目の前に銃口があった。
鮮やかに戸惑いなく突きつけられた筒の中は暗く、命だとか気持ちだとか、全てを吸い込んでしまいそうに見える。丸腰の迅はつい両手を挙げて、降参の構えをとった。
「……あきらさんあきらさん、これ、安全装置は」
「つけてない」
「あ、やっぱり」
だって帰ってきたばかりだもん、といい年をしてあきらが幼い口調で言う。
「ただいま」
「おかえり。
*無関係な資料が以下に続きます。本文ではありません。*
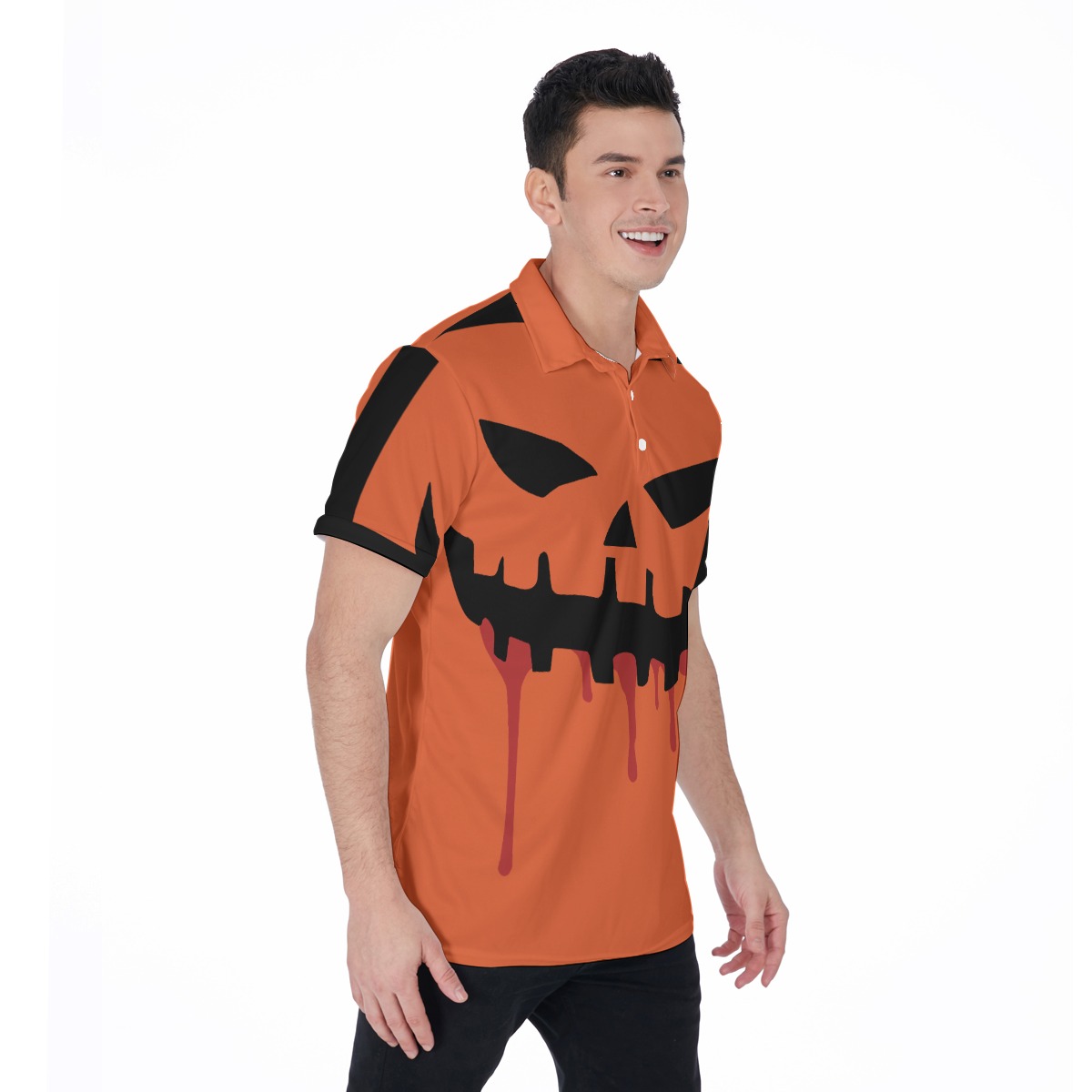 Jack o' Lantern Costume Halloween Polo Shirt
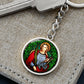 saint-agatha circle pendant necklace_artwork_original_artwork Graphic Circle Keychain NEW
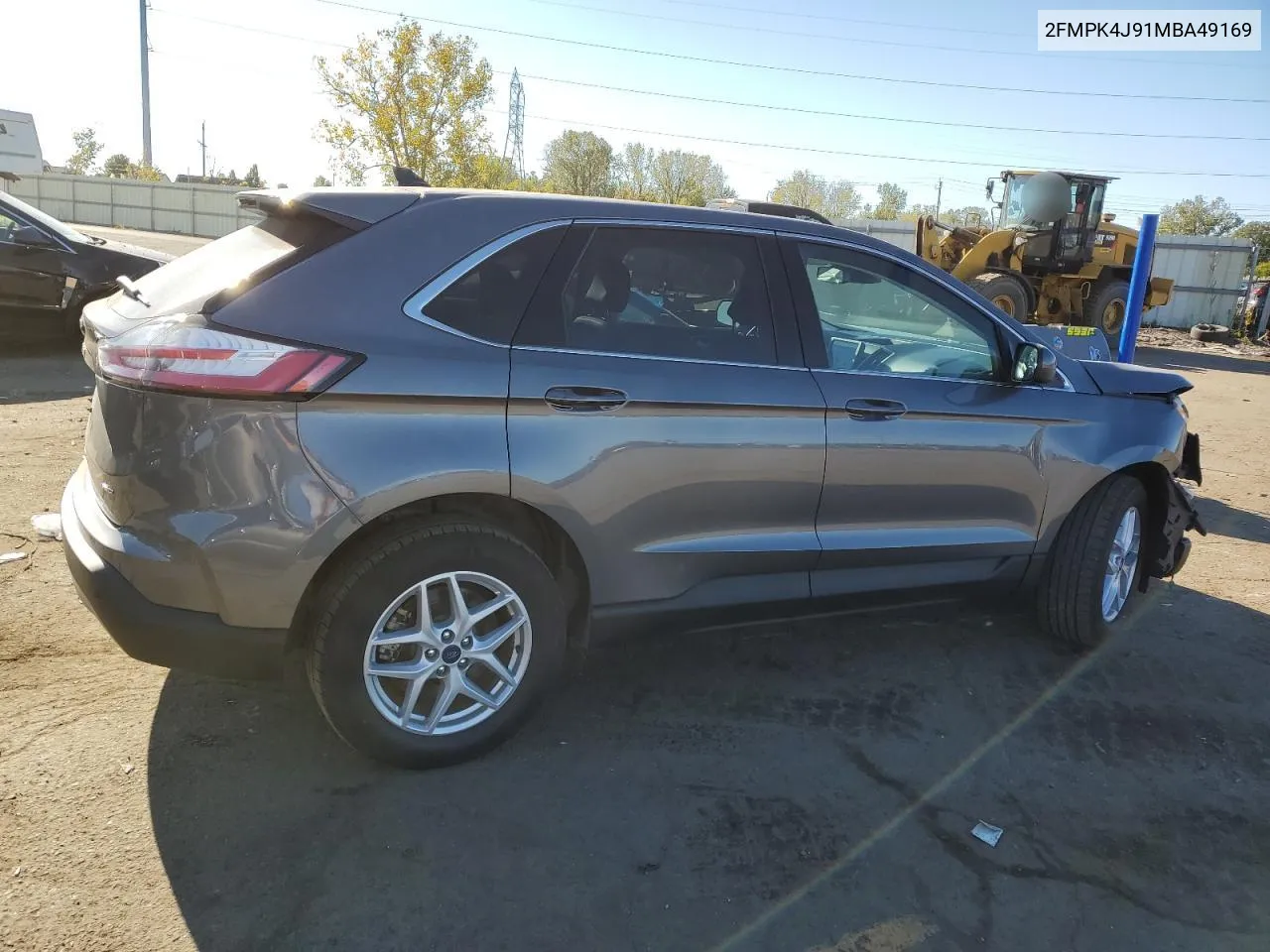 2021 Ford Edge Sel VIN: 2FMPK4J91MBA49169 Lot: 74106954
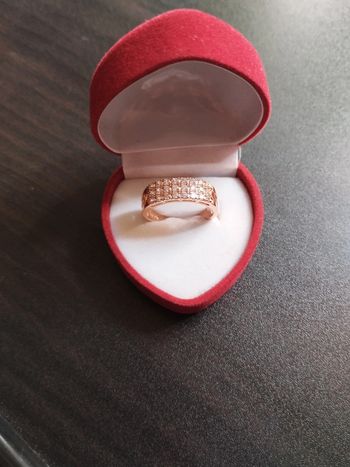 Bague vintage femme avec coffret cadeau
ところでこれ、物騒だから、下ろしてくれない?」
「嫌だ」
「えー……」
困った。
ぎらりと睨みつけてくるあきらの眼光は鋭く、ここでスプラッタが起きない確証がない。
全部知っているのだろう。あの場にはやってこなかったけれど。
「……迅」
あきらが口を開いた。なに、と聞いたが答えが返らない。
たっぷり間をおいたあとため息までついて、あきらが言った。
「たまにね」
──私、あんたを殺してあげたくなるよ。
哀れんでいるような、苛立ったような、たくさんの感情が入り交じった目をあきらはしていた。
その全てが自分のためのものかと思うと少し嬉しくて、微笑んでしまえばもっと険しい表情になる。
「なんで笑うの」
「後悔はしてないよ。これでいいんだ、あきらさん」
「……」
あきらが唇を噛んだ。痛そうだなあと思う。
自分の大事なものばかり切り売りするような迅のやり方が、あきらは気に入らないのだ。
あんたには何が残るのと、一度言われたことがある。
それより大事にしたい物があったのだと、どうしてわかってくれないんだろう?
「…………」
あきらの指が、くっと引き金にかかった。
頼りのサイドエフェクトは二つの未来を見せてくる。ひとつは唇を噛んだあきらが、ゆっくりと手を下ろす未来。もうひとつは。
それでもいいかなとほんの少し思って、迅はゆっくり、両の目を閉じた。